Walking into a convenience store in winter, you are immediately hit with the smell of oden. It is warm and comforting for some, and to others it is the smell of culture shock! You then grab a large paper cup, and pick whatever skewers you want to buy. They are pretty cheap – roughly ranging from 1-3 yuan per stick, depending on the ingredients you choose. To keep the skewers warm, and of course, to enjoy the taste of the broth, you can ladle some of it into your cup before you pay for it all. It really is easy to buy, and requires no knowledge of the local language. Of course – you need to be okay trying out new things because each store has slightly different variations of meats and seafoods. By now I am able to recognise the ones that I prefer.
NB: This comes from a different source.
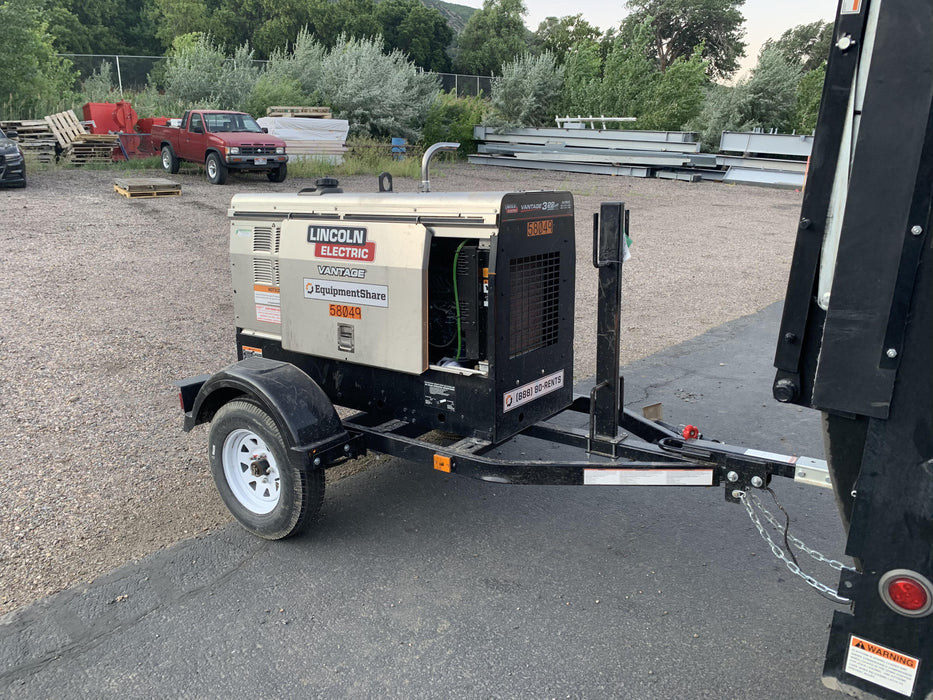 2019 Lincoln Electric Vantage 322 Welder Ready-Pak 3, Two wheel trailer, Fender and Light kit, Cable Rack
One of my favourites – a fish ball
Below are some of the most common ingredients, you will find these and many more at local 7-11 convenience stores throughout Asia (well, at least Japan and China for sure). There is a variety of vegetables with eggs, tofu, fish cakes or fish balls and sliced pork. In Japan oden is served with Japanese mustard as a condiment to add flavour. Being a mustard-fan, this sounds really tasty to me, but here in China there is no such mustard anywhere to be seen.
Asian winter comfort food
On cold nights in winter, street food like this is amazing because it is kept piping hot so the broth warms you up while filling your belly with some deliciousness. There are tons of stands like this, so those passing by can easily stop, enjoy some fishcakes, seaweed, or skewered meat, and then drink the remaining broth.
Although I have been enjoying Oden here in China, I really miss Korean street food… Especially tteokbokki (a popular Korean snack food made from soft rice cake, fish cake and sweet red chill sauce) with cheese melted over the top of it. Hmmm, so tasty!